That was my point! My humor is getting lost in this forum. I'm gonna have a talk with Horse. I think he has that filter on again.


----------



## CRASHGATE3 (Jan 25, 2007)

the lancaster kicks ass said:


> if it makes it any better we don't bitch about anyone else anything like we do to the French, you being a Brit i'm sure i don't have to explain why



Lanc
I work for a French company and have French bosses........don't get me started !!


----------



## Matt308 (Jan 25, 2007)

Oh yeah! Get started CrashGate....


----------



## the lancaster kicks ass (Jan 26, 2007)

yeah i love anything even close to being anti-French!


----------



## Matt308 (Jan 26, 2007)

And the Piss on French thread is ruined because Marcel showed up. He's a nice guy, so we need to continue the fun somewhere else.

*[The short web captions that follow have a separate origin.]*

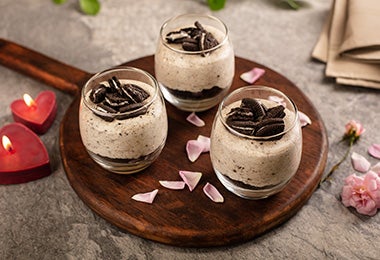 Postre de chocolate y galletas en vaso, sobre una bandeja decorada con pétalos. 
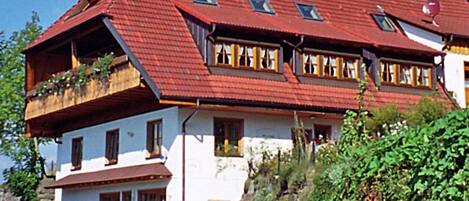 Ein zweistöckiges Haus mit rotem Dach, zahlreichen Fenstern und Balkonen mit Pflanzen.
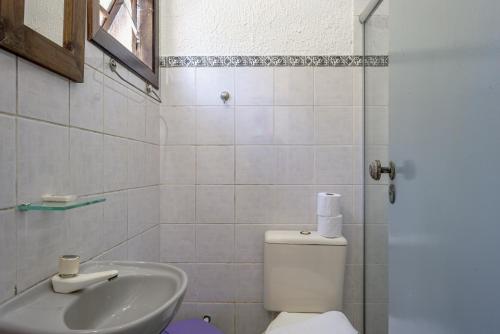 a white bathroom with a toilet and a sink at Pousada Y-Goá in Bertioga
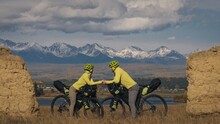 The Man And Woman Travel On Mixed Terrain Cycle Touring With Bikepacking. The Two People Journey With Bicycle Bags. Mountain Snow Capped, Stone Arch.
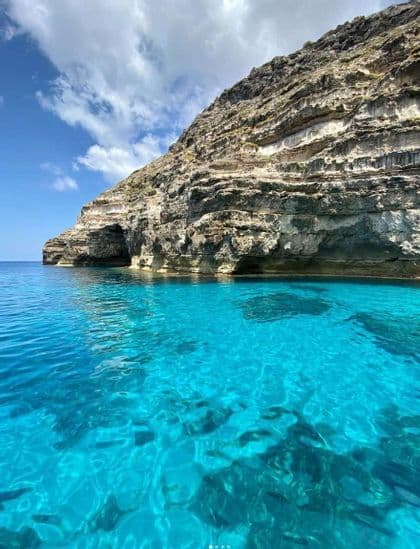 Una vista desde el agua de un acantilado rocoso estratificado que se encuentra con aguas turquesas y cristalinas bajo un cielo parcialmente nublado.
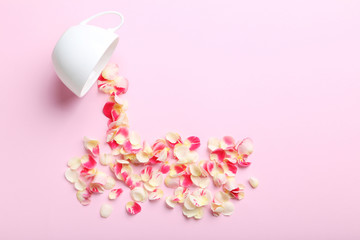 Rose petals and white cup on a pink background
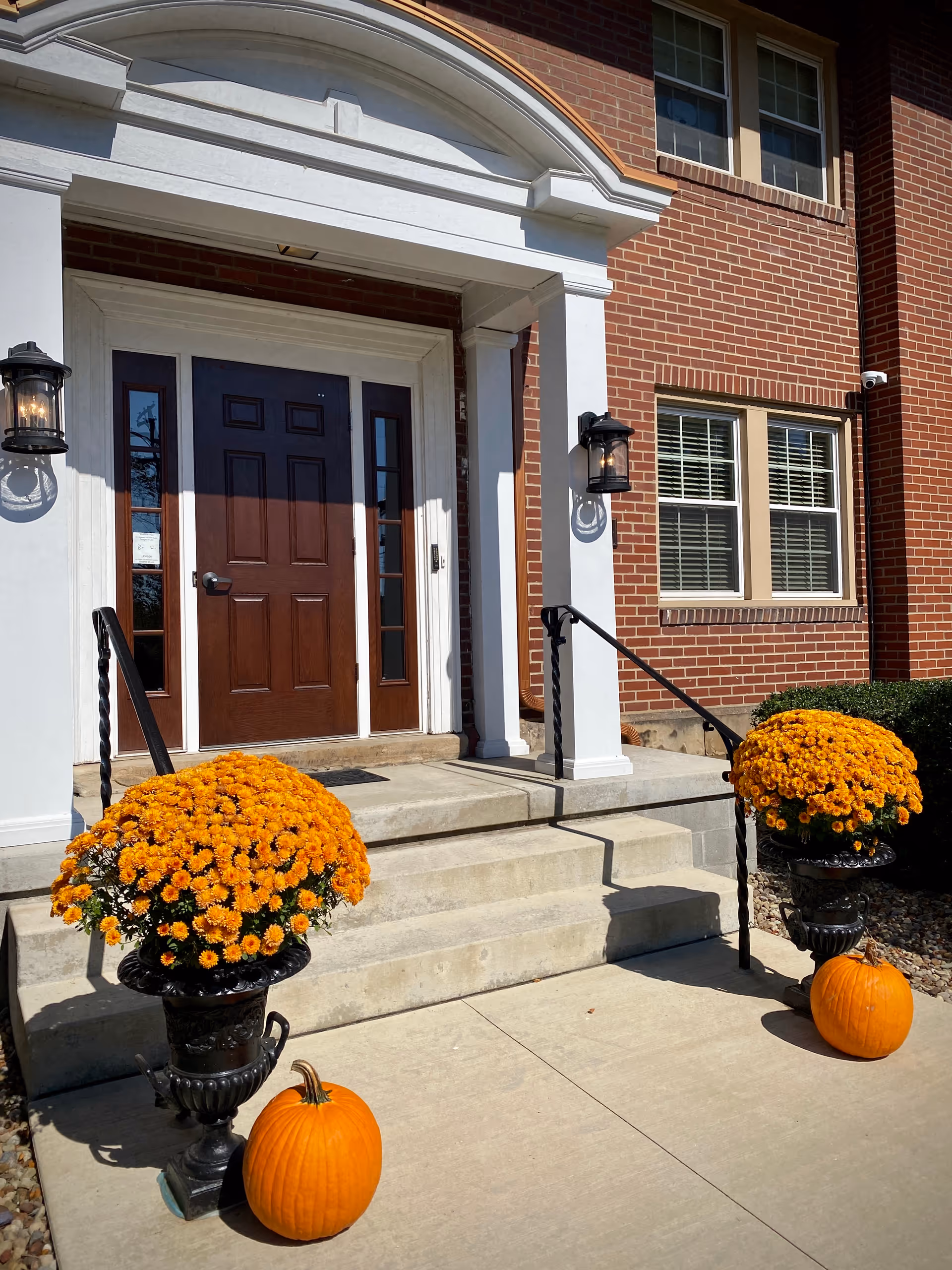 Entrance to a brick building with a dark brown door framed by white columns and a decorative arch. Two large pots of orange flowers and two pumpkins are placed symmetrically on either side of the concrete steps leading up to the door. Black metal handrails flank the steps, and two black lantern-style wall lights are mounted on the white columns.
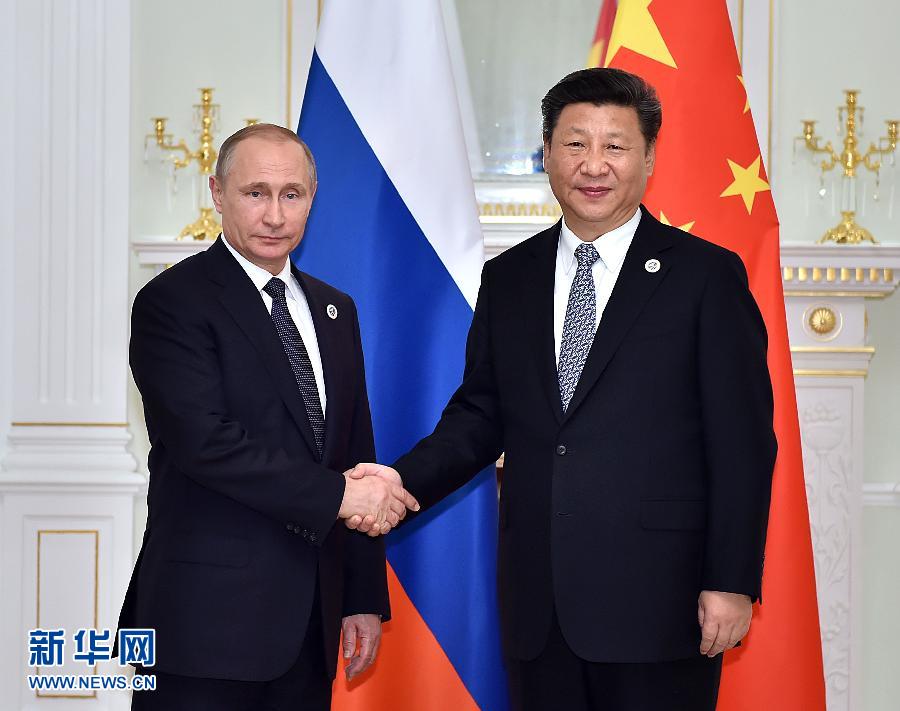 6月23日，國(guó)家主席習(xí)近平在烏茲別克斯坦塔什干會(huì)見(jiàn)俄羅斯總統(tǒng)普京。新華社記者李濤攝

It would be like making fun of Lanc when he's not around. Takes the edge right off.


----------



## the lancaster kicks ass (Jan 26, 2007)

but the French are so easy we don't need them around, besides some other @sshole's turned up in another thread shouting his mouth off in defence of the French so we'll see how that one turns out


----------



## Matt308 (Jan 26, 2007)

Oooo! Really which one?!


----------



## the lancaster kicks ass (Jan 26, 2007)

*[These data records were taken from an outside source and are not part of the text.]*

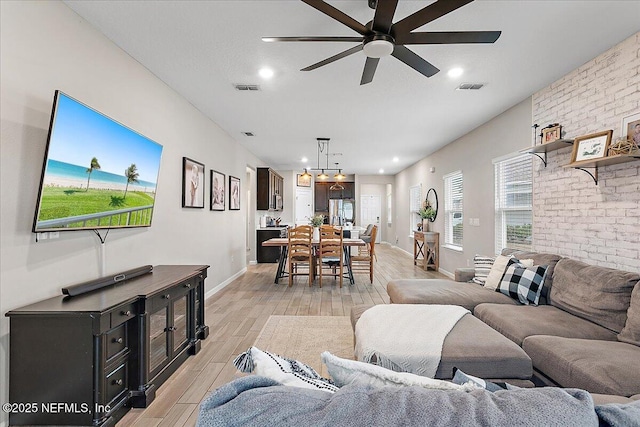 living area featuring light wood-type flooring, baseboards, visible vents, and a ceiling fan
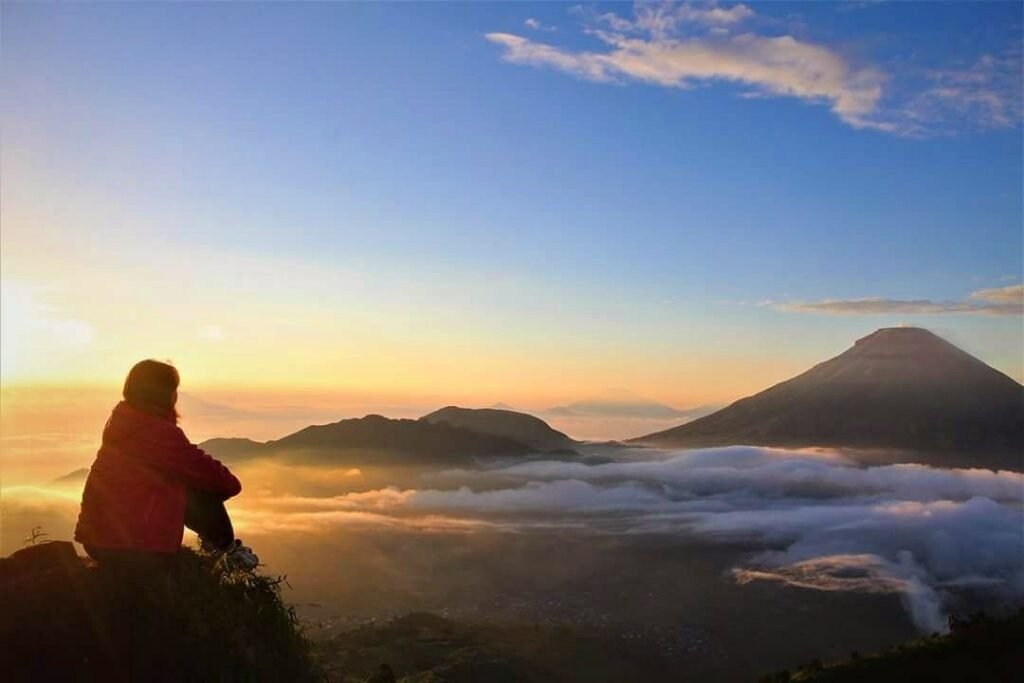 Dieng Golden Sunrise with clouds and mountains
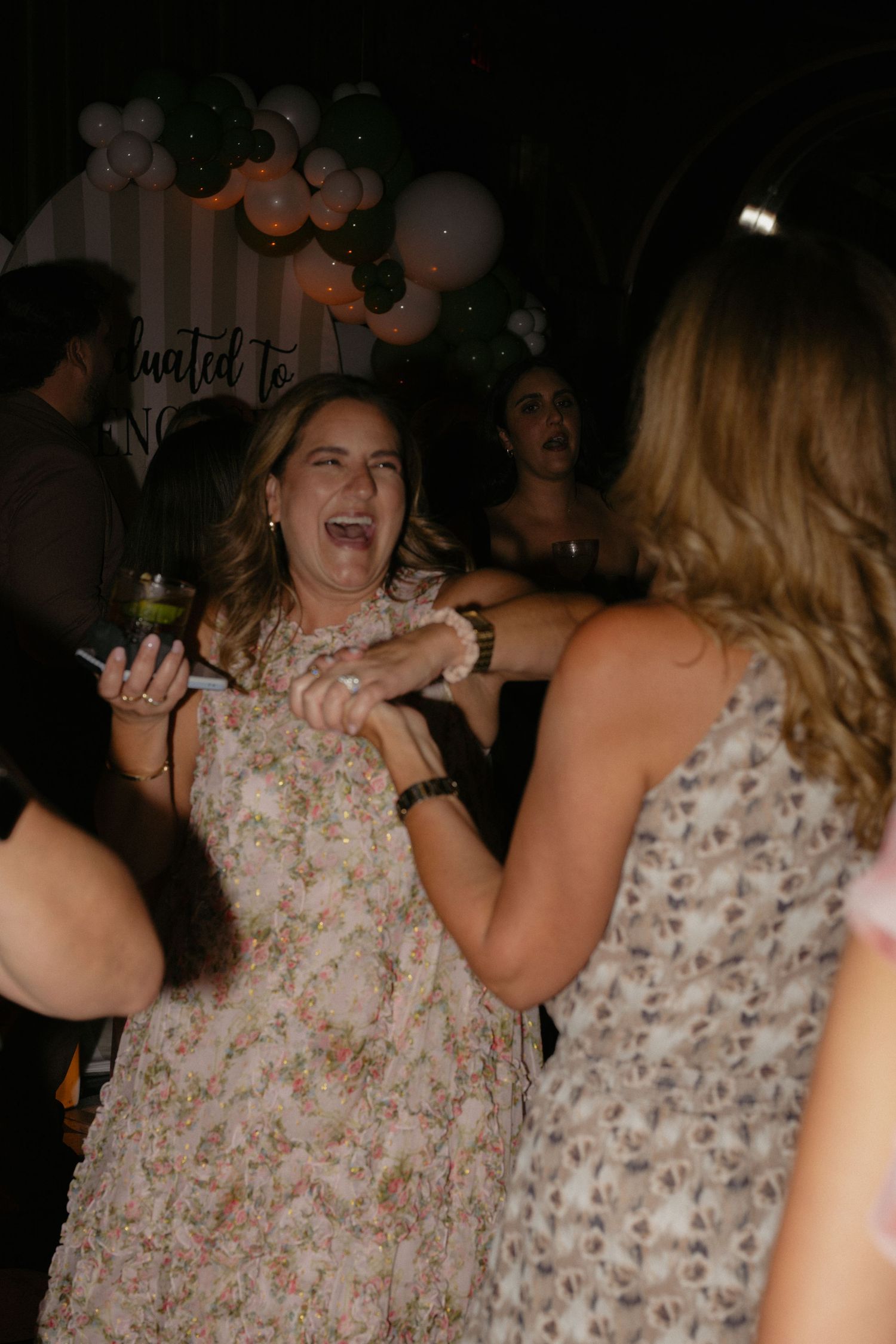 Women laughing and dancing joyfully at a wedding reception party with balloon decorations in background.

one about French aces... i know i laughed at that concept too


----------



## Matt308 (Jan 26, 2007)

I'm there ------------------------------------->


----------



## the lancaster kicks ass (Jan 26, 2007)

his defence of the French is laughable, but i took offence at the comment about us running from Calais...........


----------



## DerAdlerIstGelandet (Jan 26, 2007)

Hmmm....I will have to go to this thread.....


----------



## the lancaster kicks ass (Jan 27, 2007)

what do you guys think of his attitude? bearing in mind all 3 of his posts have been along the same line.........


----------



## DerAdlerIstGelandet (Jan 27, 2007)

I gave him a warning. It is okay to disagree with you but he can do it a bit differently especially since he has all of 3 posts.

The things he accuses you of, he does in his post.


----------